(DATA EXTRACT begins)

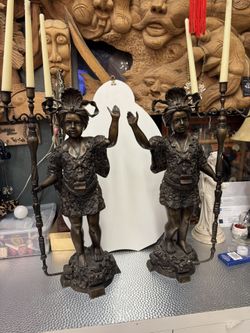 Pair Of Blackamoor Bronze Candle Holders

(DATA EXTRACT ends)
(DATA EXTRACT begins)

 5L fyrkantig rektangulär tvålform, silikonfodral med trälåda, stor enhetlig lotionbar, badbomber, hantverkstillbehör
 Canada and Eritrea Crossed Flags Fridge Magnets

(DATA EXTRACT ends)

EXERCISE: Using the data above, transcribe the lines that run from the line with "5L fyrkantig rektangulär" to the line with "Canada and Eritrea", both ends kept, and output nothing else.

EXERCISE RESPONSE:
 5L fyrkantig rektangulär tvålform, silikonfodral med trälåda, stor enhetlig lotionbar, badbomber, hantverkstillbehör
 Canada and Eritrea Crossed Flags Fridge Magnets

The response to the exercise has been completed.